Would it be possible to output exactly, and only, the lines below from the one holding "Тонер Canon 3480B006" to the last line, both included, with every picture left out?

(Brief descriptive captions)

☆ ☆ ☆ ☆ ☆

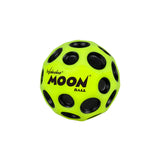 Waboba moon ball asst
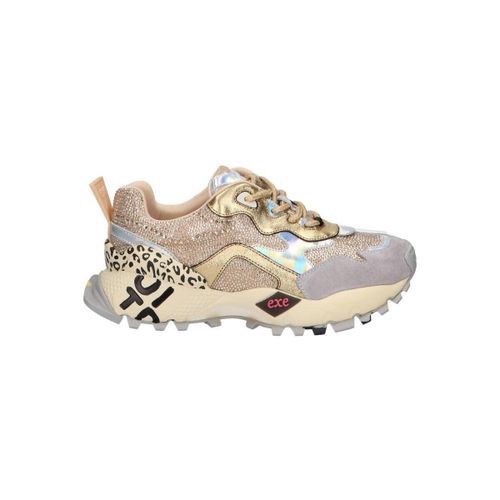 Baskets basses Exé Shoes 134-115 - Exé Shoes - Modalova
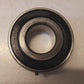 Kimpex Ball Bearing 300078 | 26-4534-6 | SA205-14 DOMED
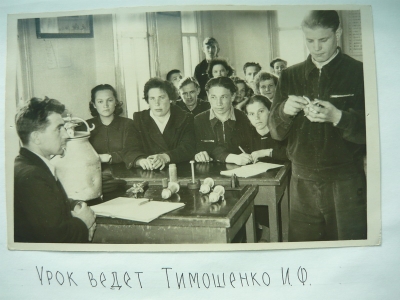 historyJGA_UPLOAD_IMAGENAME_SEPARATOR10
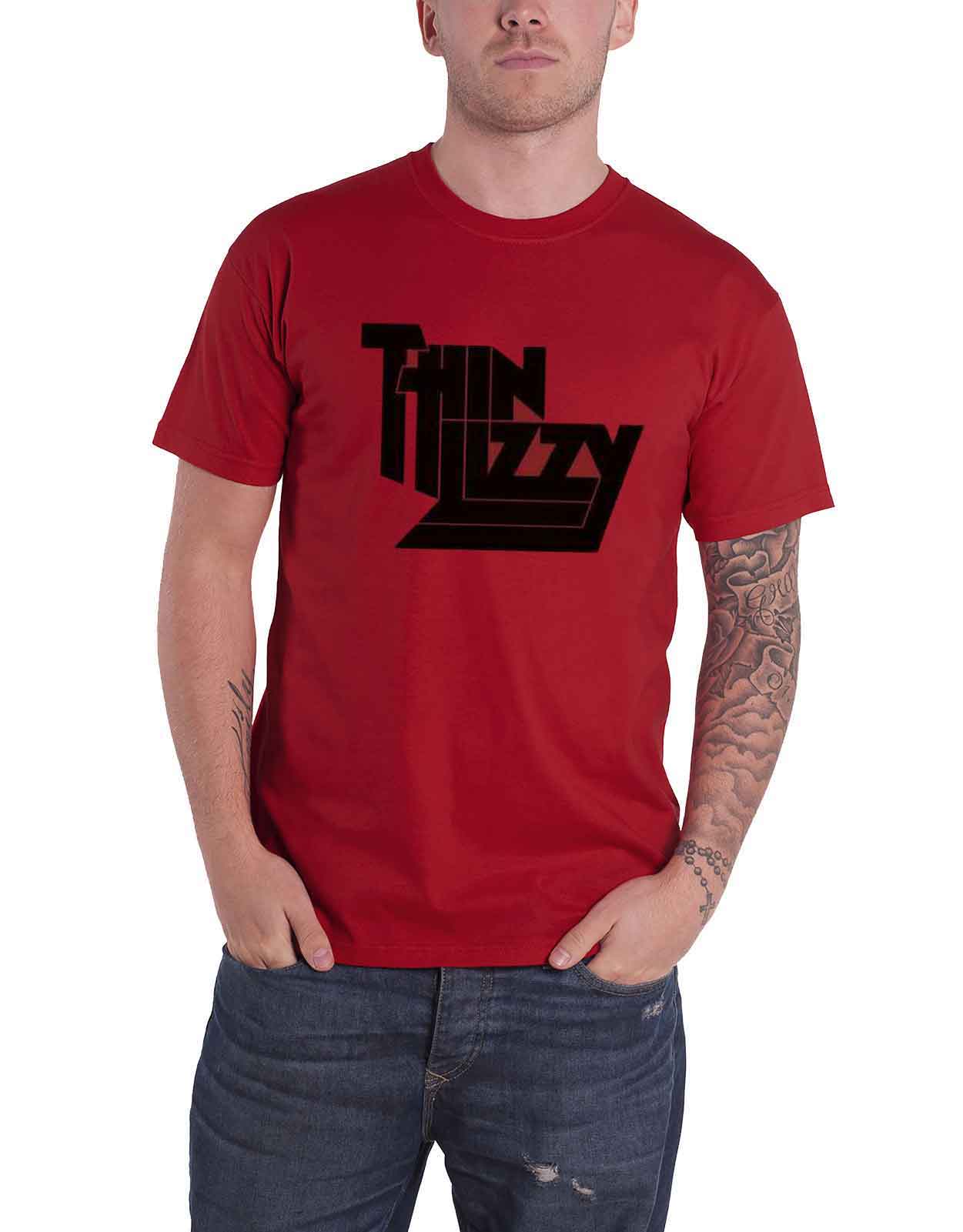 Rot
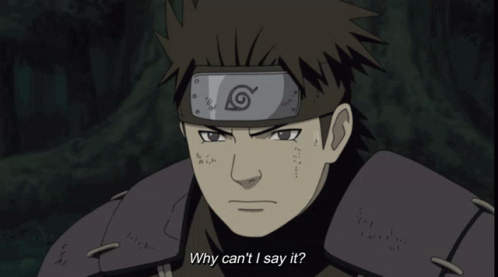 Hiruzen Sarutobi GIF. This 498 x 277 animated GIF is part of our third hokage collection. Created by Blinkless123. View the original animation, share it, or…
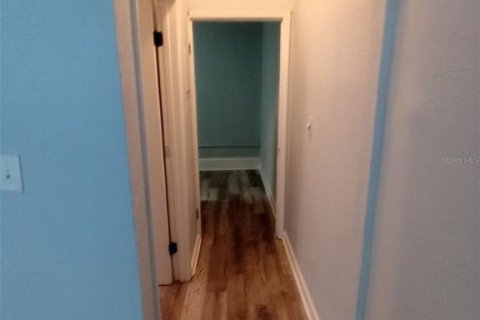 Appartement à louer à Orlando, Floride: 29.26 m2 № 2156524 - photo 5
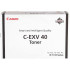 Тонер Canon 3480B006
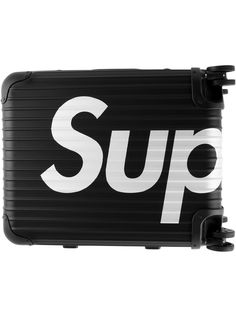 Supreme сумка SUPREME SU4777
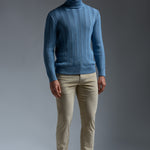 PNN005_000_P9130_330-media-1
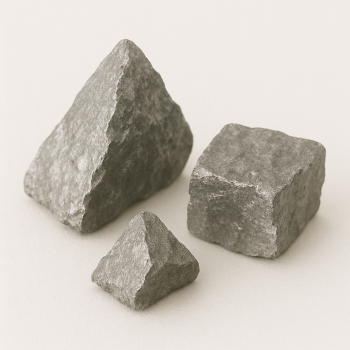 Ферромолибден FeMo70Cu1,5 ГОСТ 4759-91 в наличии в Пензе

☆ ☆ ☆ ☆ ☆

RESULT:
 Тонер Canon 3480B006
 Supreme сумка SUPREME SU4777
 PNN005_000_P9130_330-media-1
 Ферромолибден FeMo70Cu1,5 ГОСТ 4759-91 в наличии в Пензе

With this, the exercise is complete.